*** Block opens ***

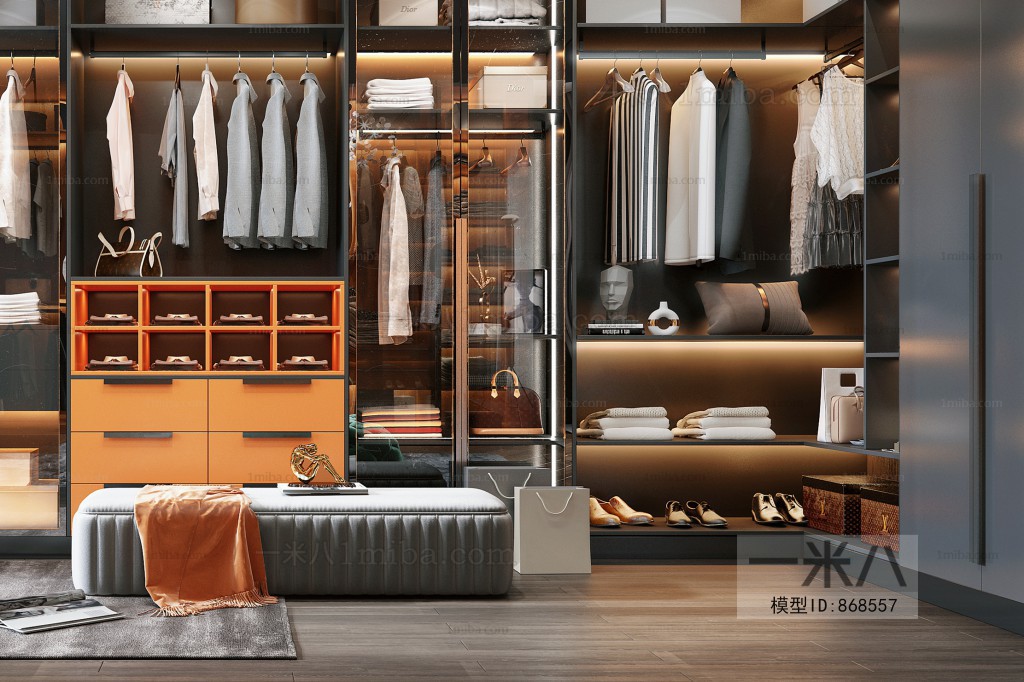 Modern Clothes Storage Area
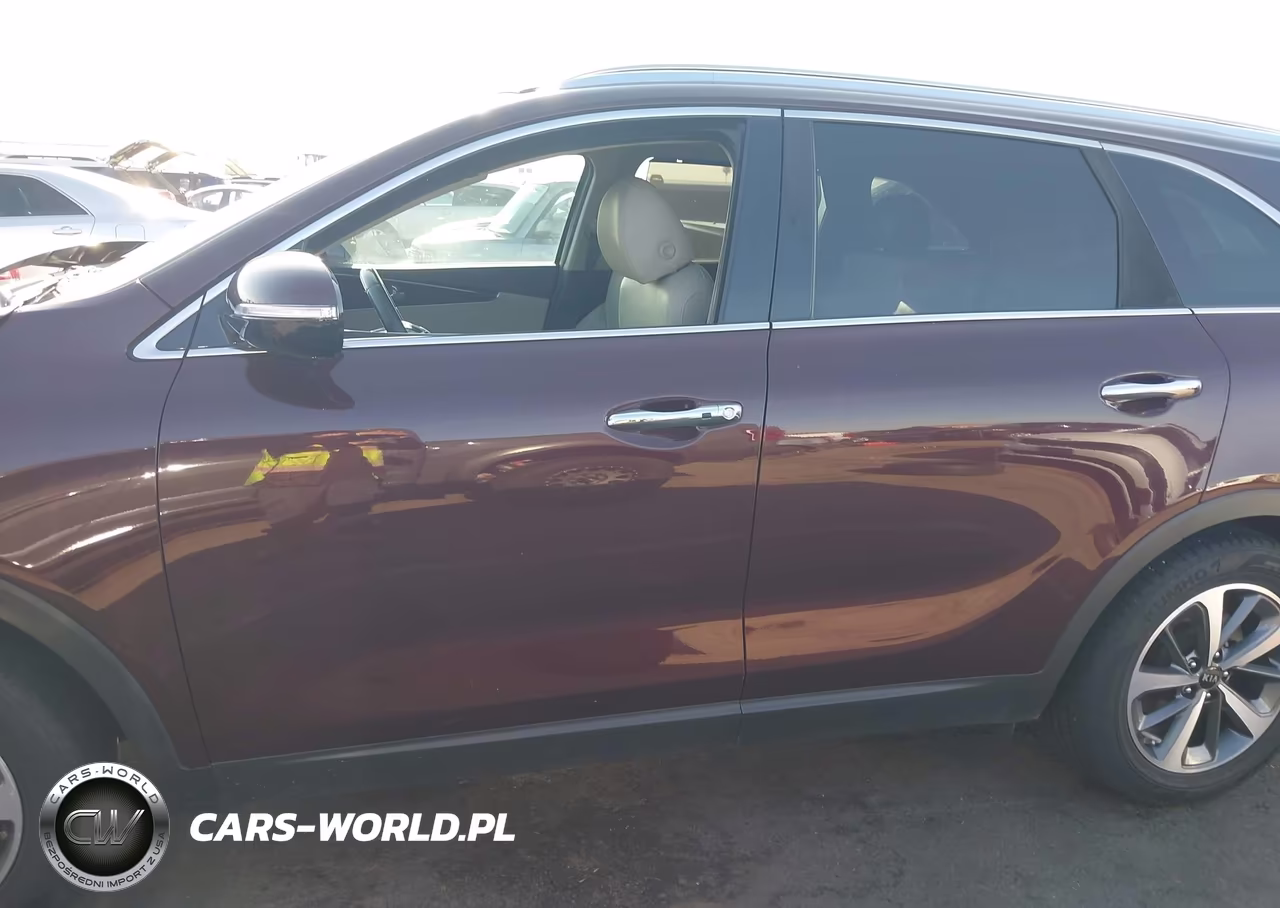 2019 Kia Sorento 3.3L Ex VIN:5XYPH4A57KG445017 - 15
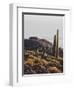 View of Incahuasi Island with its gigantic cacti, Salar de Uyuni, Daniel Campos Province, Potosi De-Karol Kozlowski-Framed Photographic Print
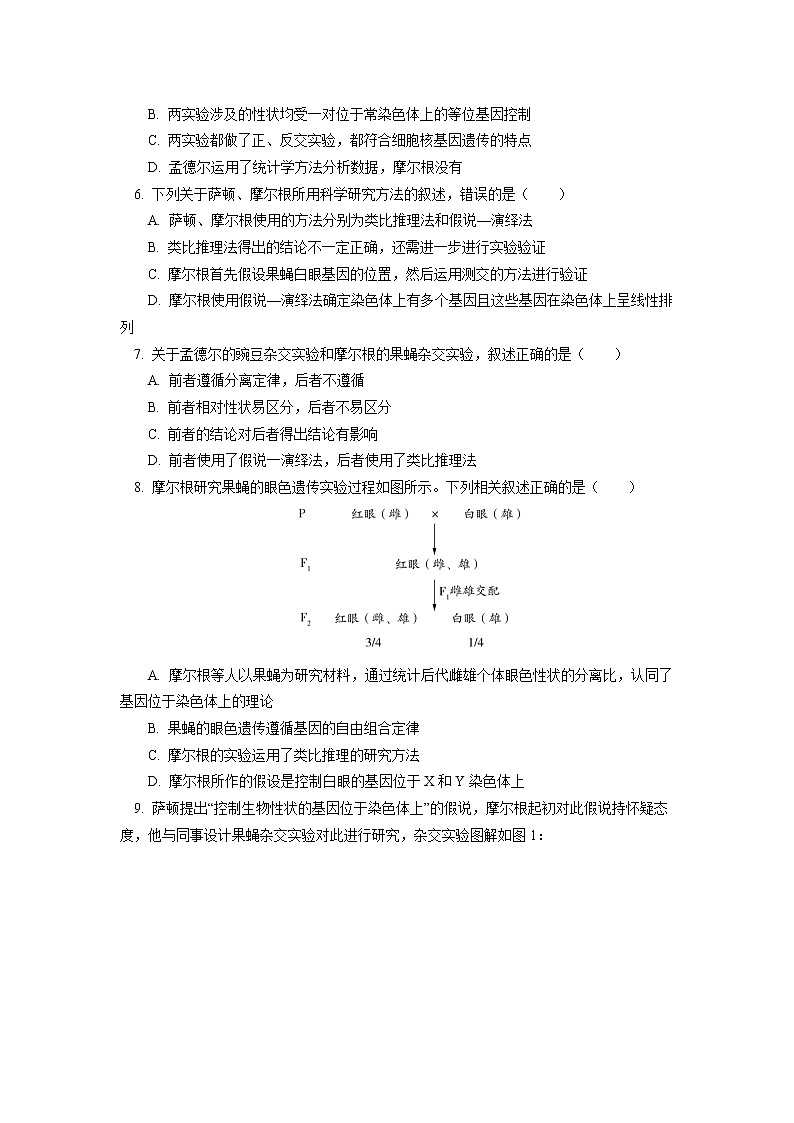 人教版 2020-2021学年高一上学期生物人教版（2019）必修二 基因在染色体上同步练习（含答案）02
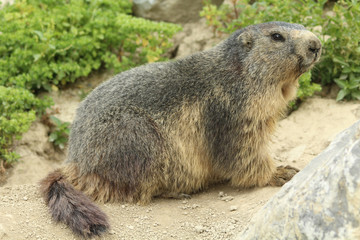 marmotte dans les alpes en france
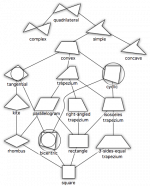 quadrilateral_hierarchy.png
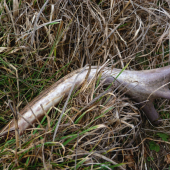 16 Km v nohách a toto v rukách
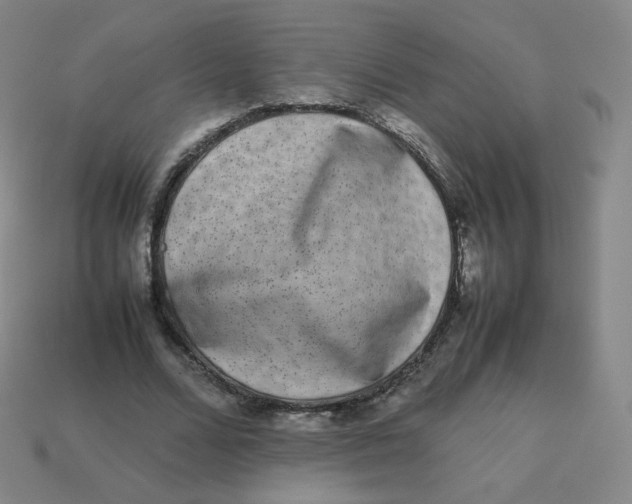 X0000113260680200910081340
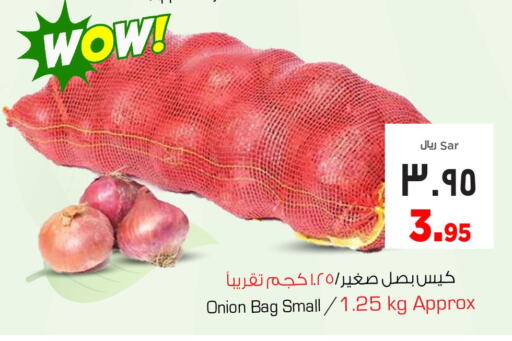  Onion  in Nesto in KSA, Saudi Arabia, Saudi - Al Hasa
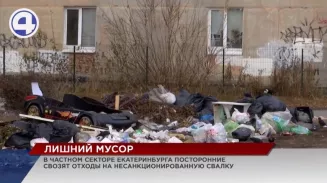 Жители частного сектора в Екатеринбурге тонут в мусорных завалах Жители частного сектора в Екатеринбурге тонут в мусорных завалах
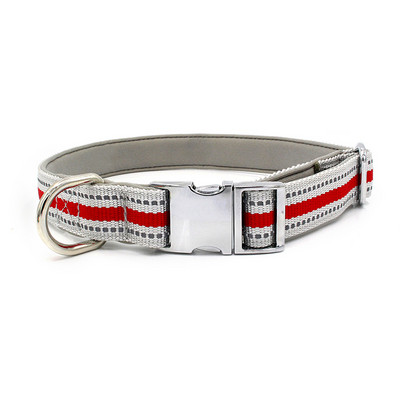 Ανακλαστικό νάιλον γιακά σκύλου και σετ λουριών Ρυθμιζόμενο μαλακό γέμισμα γιακά κουταβιού Μικρό μεσαίο μεγάλο λουρί σχοινιού παρακολούθησης σκύλου Perro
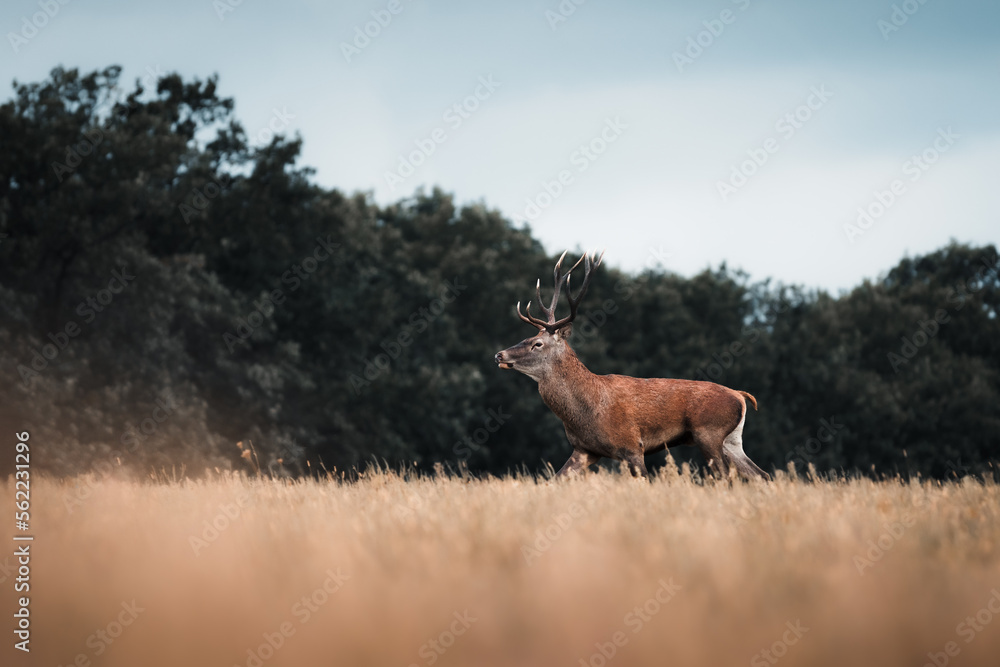 Wild red deer (cervus elaphus) during rut in wild autumn nature, morning fog on the meadow,wildlife photography of animals in natural environment,SlovakiaWild red deer (cervus elaphus) during rut Wild red deer (cervus elaphus) during rut in wild autumn nature, morning fog on the meadow,wildlife photography of animals in natural environment,SlovakiaWild red deer (cervus elaphus) during rut
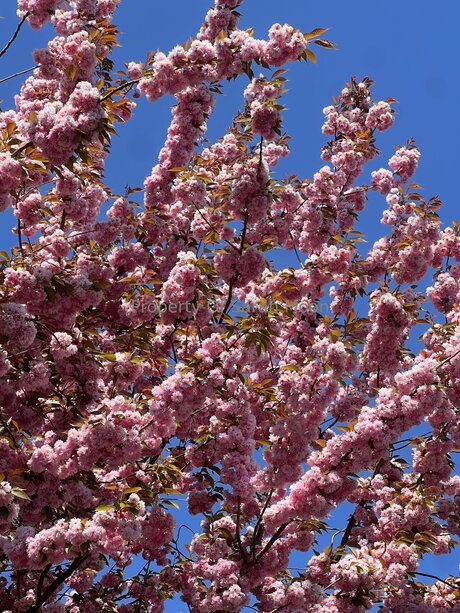 Sarahmoonsg onlyfans nude pictures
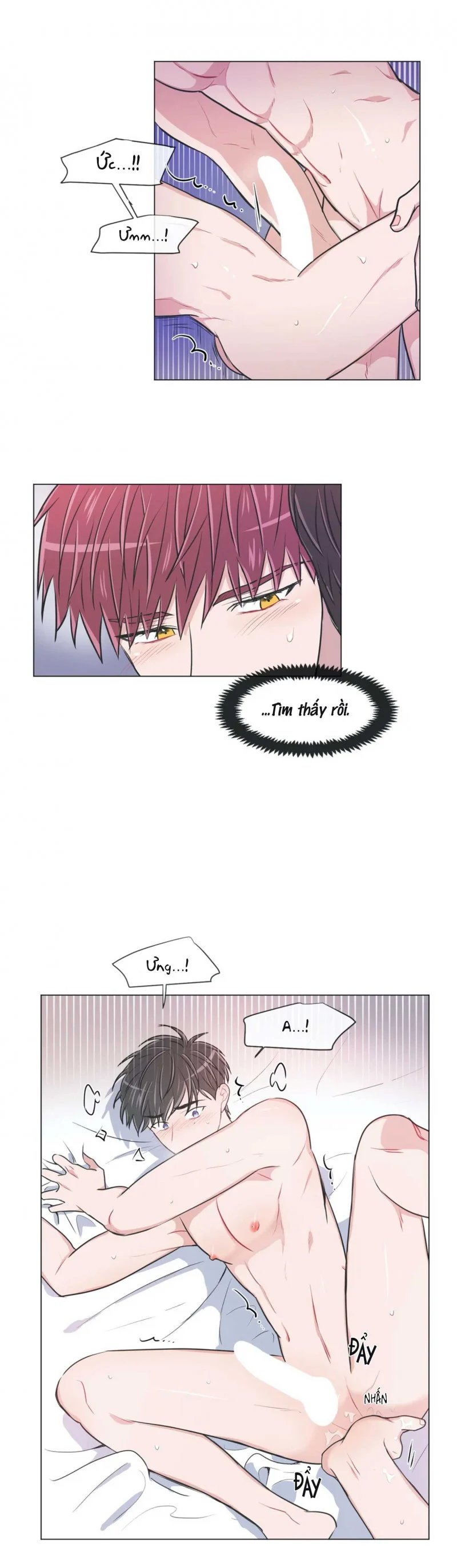 anti p.t chapter 55 2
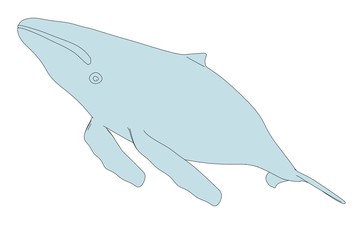 cartoon image of sea whale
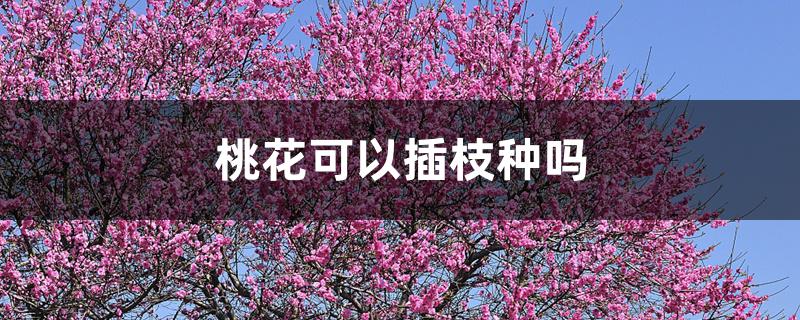 桃花可以插枝种吗 桃花可以插枝种吗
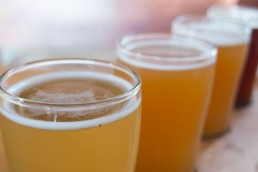 Biertasting in Clearwater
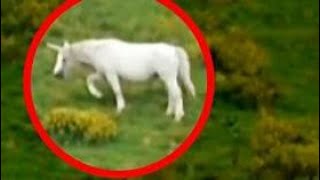 Real Unicorn Footage from Wales 2020 Unicorn Caught in 2020 [upl. by Somerville185]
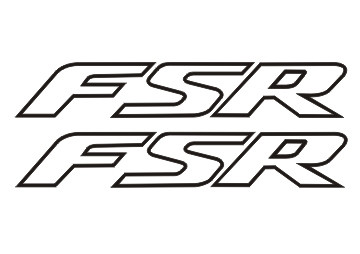 FSR outline - DNFIVE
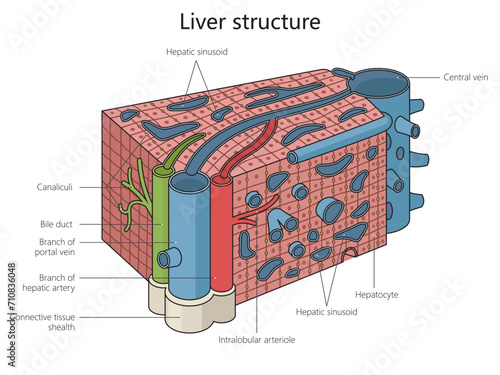 liver structure diagram hand drawn schematic vector illustration. Medical science educational illustration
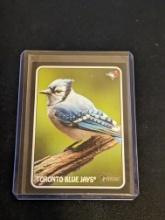 2024 Topps Heritage Toronto Blue Jays Team #75Z-5 (Black Border Animal Rare)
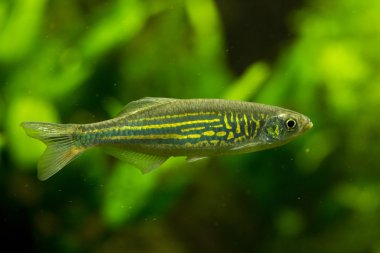 Malabar danio (Devario malabaricus).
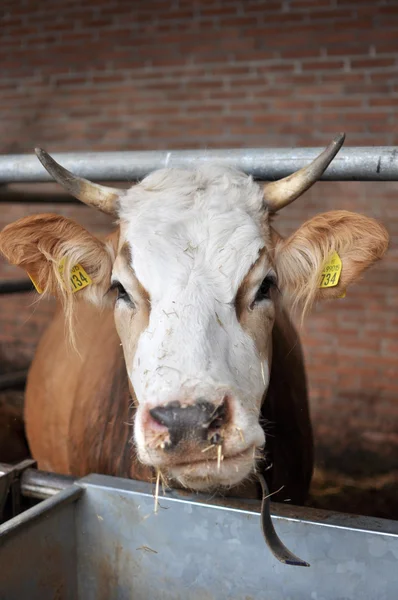 Vaca no celeiro — Fotografia de Stock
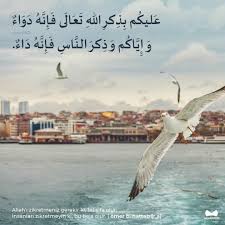 Zeyhal Adli Kullanicinin Huzur Panosundaki Pin Resimli Alintilar Inanc Sozleri Araba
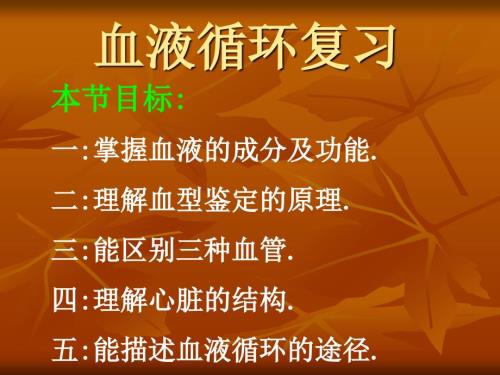 血液循环复习PPT课件.ppt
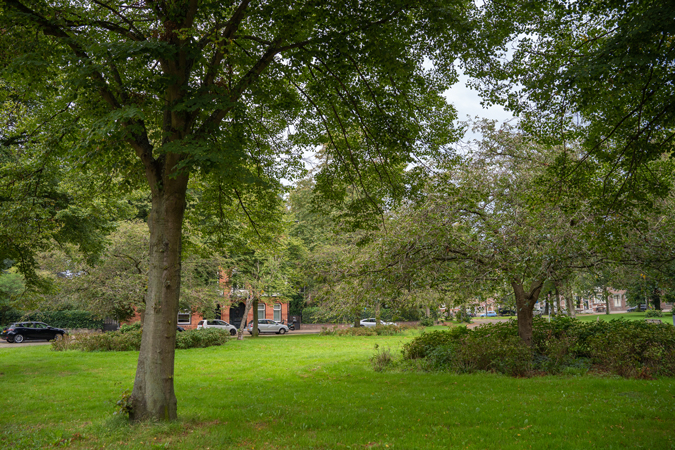Park in Haarlem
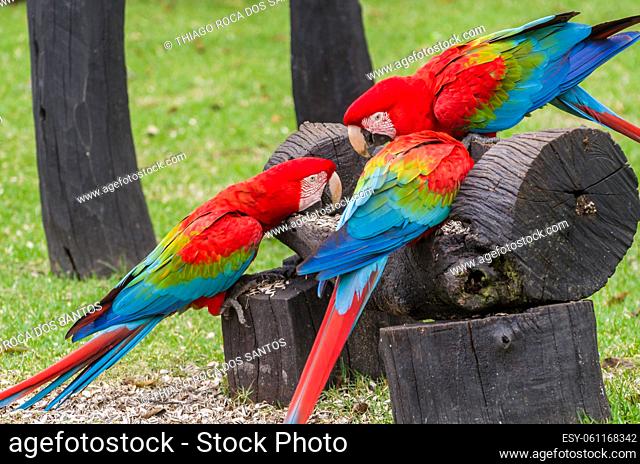 Beautiful red macaw in the Brazilian wetland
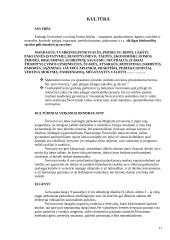 Šveicarija ir Šveicarijos charakteristika 11 puslapis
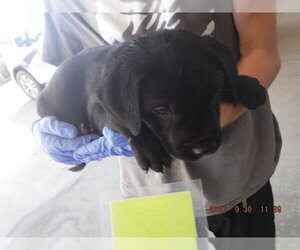 Labrador Retriever-Unknown Mix Dogs for adoption in Oroville, CA, USA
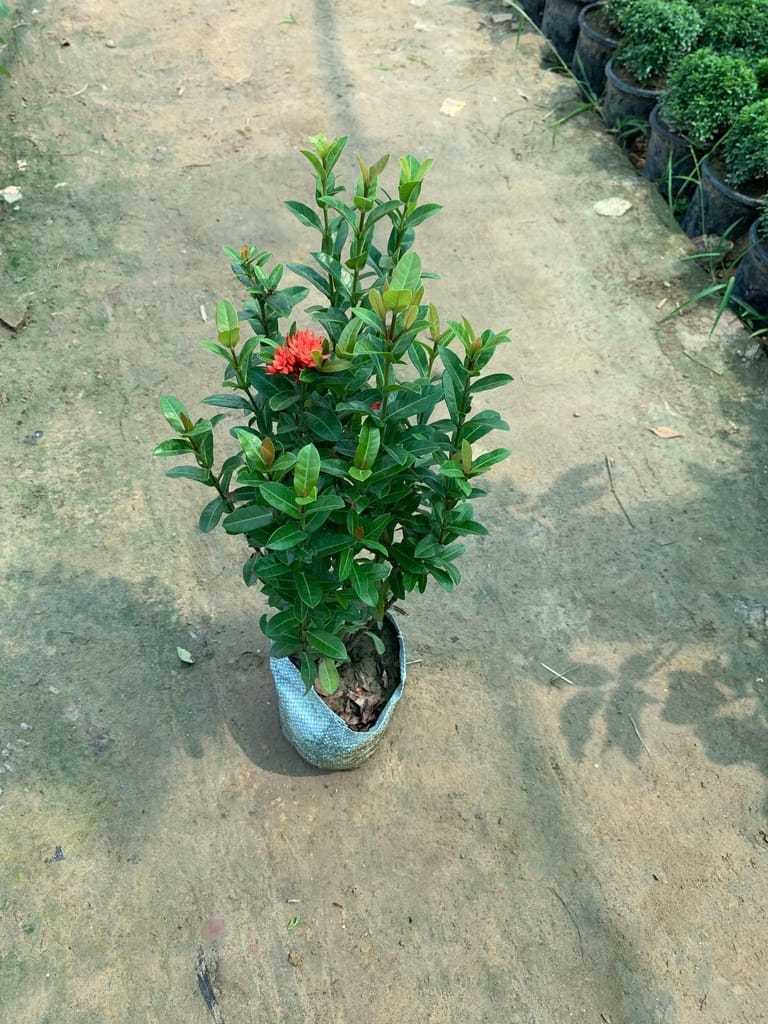 Buy Ixora Miniature (any colour) in 8 Inch Nursery Bag Online | Urvann.com Ixora Miniature (any colour) in 8 Inch Nursery Bag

*** Block closes ***

> PROBLEM TO WORK ON
The answer should contain only the lines from the one with "Labrador Retriever-Unknown Mix" through the last line of the material, given word for word and without pictures.

> EXERCISE ANSWER
 Labrador Retriever-Unknown Mix Dogs for adoption in Oroville, CA, USA
 Buy Ixora Miniature (any colour) in 8 Inch Nursery Bag Online | Urvann.com Ixora Miniature (any colour) in 8 Inch Nursery Bag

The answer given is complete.